3. Radiant heat panels get used to raise the ambient temperatiure of a room. Apart from the biggest tortoises, they are not used within an enclosure.

4. Day to day a mat isn't recommended as torts like to dig down into the substrate. They can't dig through a mat and if they do there could be a problem!

I cannot answer about drying out the air. 
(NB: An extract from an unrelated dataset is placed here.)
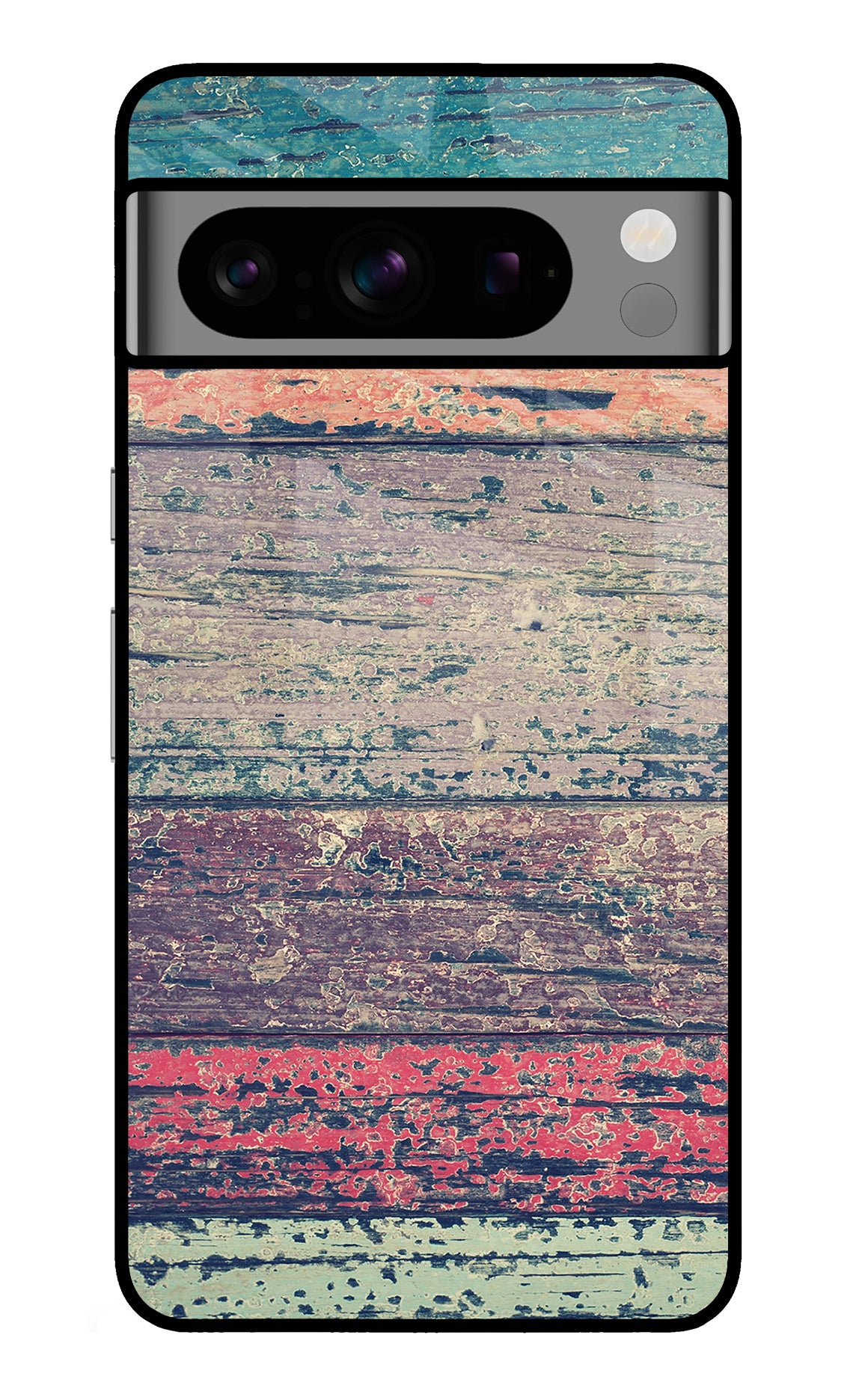 Colourful Wall Google Pixel 8 Pro Back Cover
To raise the humidity, you need to close in your setup either partially or fully to reduce evaporation and dump water in the substrate so that it is moist. You then make sure that the temperatures are correct in the enclosure by measuring them accurately with a temperature gun thermometer. If it is too cold then you will have shell rot rather than a controlled humidity environment.


----------



## Alexio (May 18, 2016)

I feel like you have missed the point a bit...
You can use different heating systems in conjunction with different lighting systems. For example you could use radiant heat pannels or a ceramic heat emitter during the day to provide heat and use only uvb strip lighting with ambient strip lighting as well. 
There are also people who have large barns who use radiant heat pannels embedded in the concrete floor hooked up to a thermostat. 
It is a misconception that under the tank heating is bad for tortoises. UNREGULATED under the tank heat sources can be very dangerous. This is where you use a pile proportional thermostat to set the heat tape/mat to 80 or 90 degrees so that the mat is only warm but not hot to the touch and then run it under the enclosure. Properly regulated heat tape is just as safe or safer than tradition on off heat sources which get burning hot to the touch. A ceramic heat emitter can melt a carpet in seconds but people recommend they be used in tortoise enclosures all the time. 
You would not be using a thermostat for your basking lights, that's what I stated that you would only need to regulate certain types of heating. Perhaps I should have been more specific. 
Also you can raise the humidity or lower it in any enclosure by doing any different number of things. This post is not about trying to raise the humidity or which source is the most readily agreed upon. I am trying to find out where from a scientific standpoint in a vacuum where all other factors being equal which of these heating sources will have the more air drying effect. 
Sorry for the confusion.


----------



## Anyfoot (May 26, 2016)

If it was possible (and its not) to have a 100% insulated heat loss resistant enclosure and you wanted an ambient of let's say 90f, and you could get a heat source that only reached a maximum of 90f(RHP maybe) eventually that enclosure would reach 90f with minimal humidity drying out because none of the air reached above 90f. 
If you was to have a heat source of let's say 500f(CHE maybe) on a stat(controlled at 90f) in an Enclosure , the air immediately around that CHE would dry out more than where ever in the enclosure only ever gets to 90f max. 
If you look at Toms enclosure designs they are all heavily insulated to slow down heat loss, this means you can have a lower heat output to maintain the same ambient than if it was an uninsulated enclosure. Lower heat output from the same type of device dries the immediate air slower. For example a 200watt che will dry the immediate air 1" away from the CHE faster than a 100watt would at the same 1" distance because at that same distance it's hotter with the 200watt. 

Dont know if that helps. 

I'm off to look for some headache tablets


----------



## Yvonne G (May 26, 2016)

I use a mercury vapor bulb indoors for heat and UVB with black lights for night time.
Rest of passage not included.